On Thursday 23rd November, a strange thing happened...a box mysteriously appeared in our classroom. There were also sticks. We think a caveman magically left a challenge for us. We had to collect clues and find a code to open the locked box. The caveman had left pairs of ten frames outside our classroom. We used addition to create 6 numbers. Once we had collected all the numbers we tried to open the box using the numbers in the order we found them but it didn't work. O suggested that maybe the numbers "have to be in a special order like on my mum's phone!" We all worked in teams to select the correct number cards and create a sequence to try. O said "I have put my numbers so they get smaller!" We tried this code and it didn't work. All the children then decided they would think about meaningful sequences and ordered their numbers from smallest to biggest. We all had the same code so we tried again and ... IT WORKED! Inside was a cave painting and a sweet treat! What an exciting day we had!
We started this term looking at number bonds to 10 to make sure we could remember and understand them. We did really well with this so we are now looking at number bonds to 20 and how we could work them out. We did some investigating using materials we selected ourselves.

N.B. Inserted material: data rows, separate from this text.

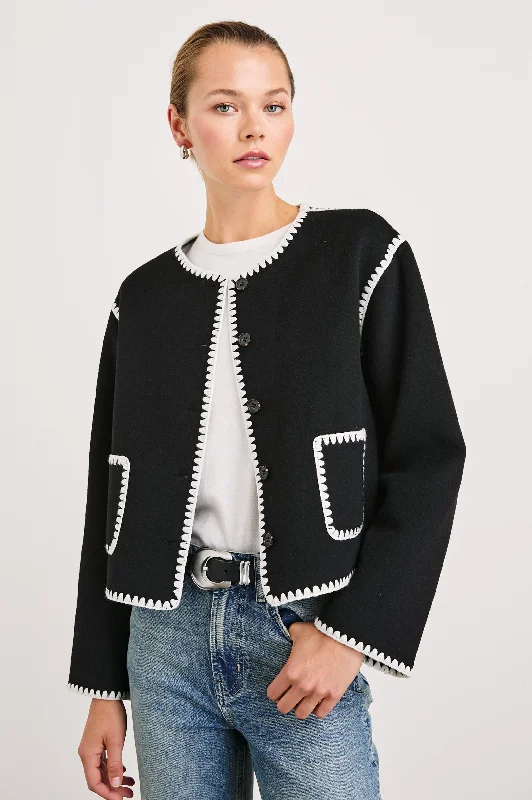 Early Access MELANIE JACKET - BLACK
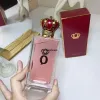 Perfume supérieur pour femmes reine classique anti-perspirant Déodorant 100ml EDP Spray Natural Designer Ladies Cologne Eau de Parfum Femme Lénandant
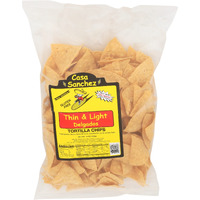 Casa Sanchez Thin Tortilla Chips, 14 Oz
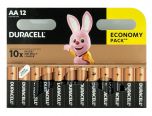 Duracell AA Basic Pack of 12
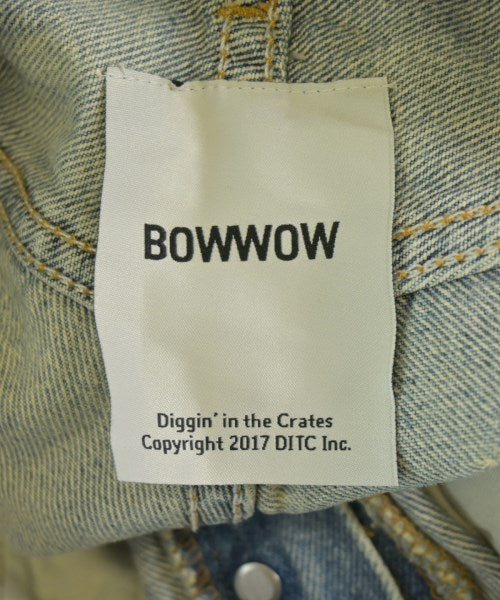 BOW WOW ยีนส์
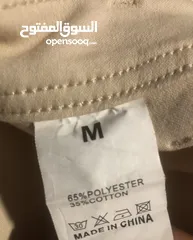  5 بنطلون كارجو بيج قياس ميديوم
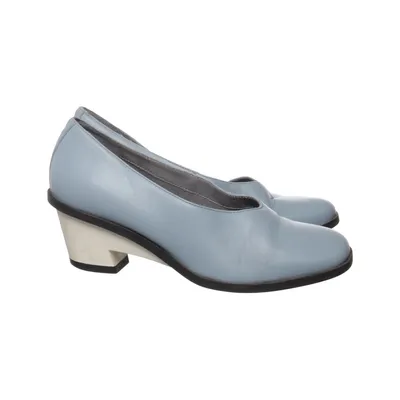 Chaussure compensées (Bleu) de Camper Cuir
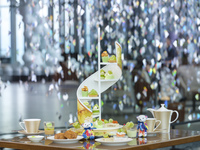 Autumn Sale [Weekdays/20% OFF] Conrad Autumn Bear “Shine Muscat & Caramel” Afternoon Tea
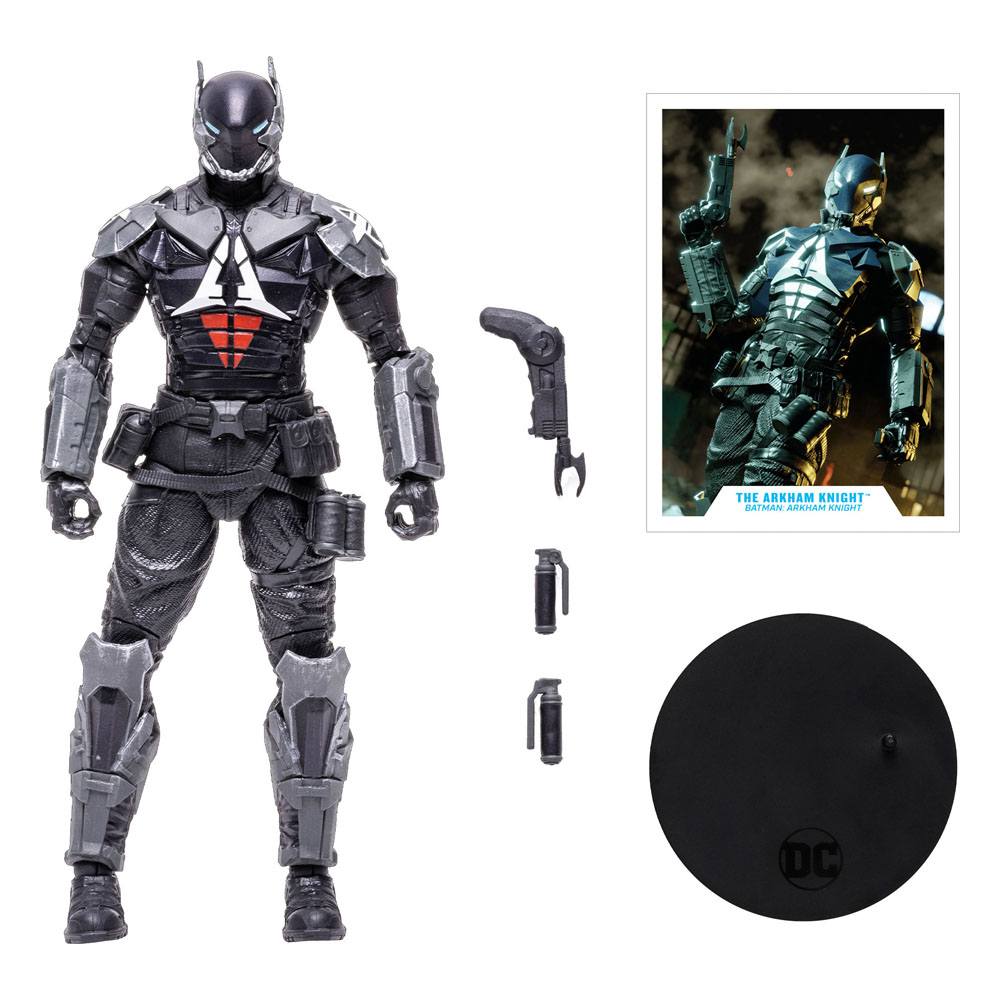 DC Gaming Action Fig The Arkham Knight (Batman: Arkham Knight) by LAB7 Malta, Europe
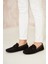 Hakiki Süet Erkek Tokalı Loafer 500909 4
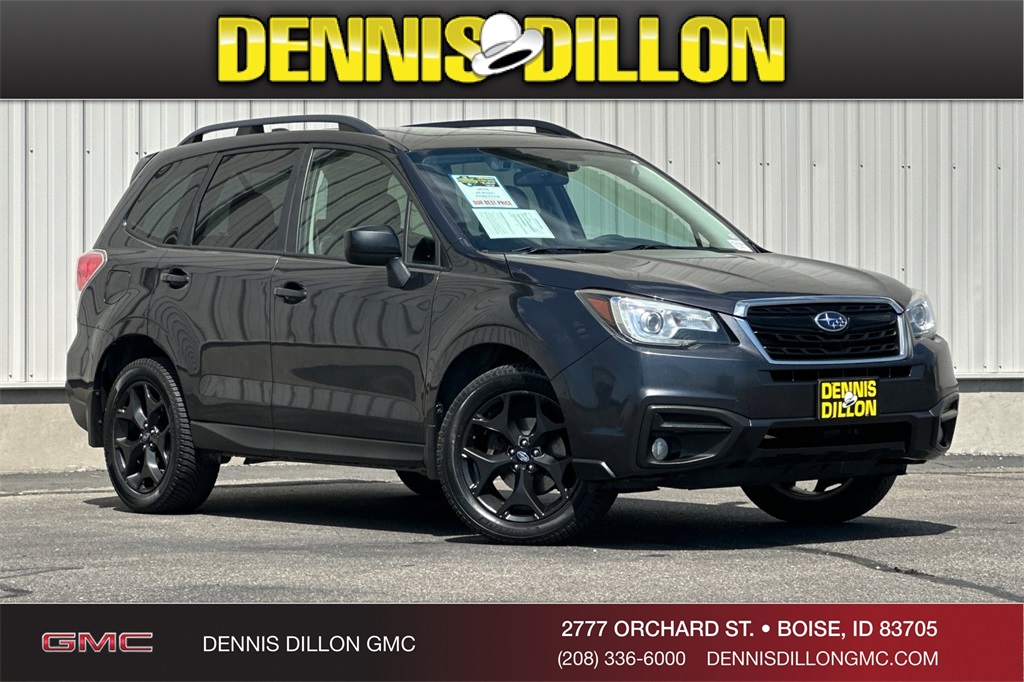2018 Subaru Forester
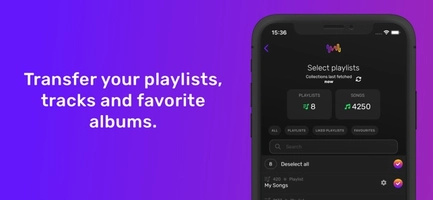 Screenshot 5 of FreeYourMusic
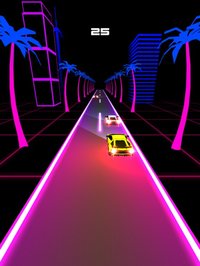 Night Rider - Cyberpunk Racer screenshot, image №2316530 - RAWG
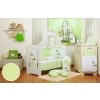 Bedding set 11-pcs with mosquito-net- Donkey Luca green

Some children chose to use unifix. We knew we would need to have 2 sticks of ten as there are 2 tens in 20. Most children knew how to work systematically to find all the possible ways of making 20 using 2 numbers. We even asked if we could have some paper to record so we knew how many different ways there were. We are Maths Magicians!
Throughout Spring 1, year one have spent a great deal of time working on counting in steps of 2, 5 and 10. To provide a purpose for this learning we have been looking at multiples and groups of 2, 5 and 10. We have done this in a very practical way and linked to our topic of fairy tales when solving problems and reasoning.
The Problem with Chocolate!
The inventor has a problem – he wants to invent a new chocolate bar but isn’t sure how to split it up! He said his chocolate bar will be as big as a black rod. He asked the children to find out all the ways they can make the black rods ie red add red add white and so on. Children were able to use the rods to make an equivalent or equal length using other colours. We talked about how the rods needed to be the same and what other terms the children knew. They came up with equal and balanced and then learnt the new term equivalent to. We talked about the equals symbol and that this was the symbol they could use. Children investigated which Cuisenaire rods they could use to make the equivalent length to the black rod. Some children chose to record by writing down what they were doing. Some wrote “b equivalent to y+r b equals r+w+w” “Black is the same as yellow and red. We tried black and bloo but it was to big we tried yellow and red.”
After being able to understand the role of equals and being able to find equivalent values using different colours of Cuisenaire rods, we started thinking about how to make the inventor's chocolate bars fair. We decided we should make all the parts inside the chocolate bar the same. This means each part must be equal or exactly the same. We thought about how we could do this and investigated what size the parts would have to be so that they were all equal and still equivalent to the whole bar when added together. We tried this in lots of different sizes. Mrs Jones says we all did this really well and are Marvellous Mathematicians!
Some children also solved missing value problems using the Cuisenaire rods. Children had to find the colour that was missing and prove their answers before writing their own problems.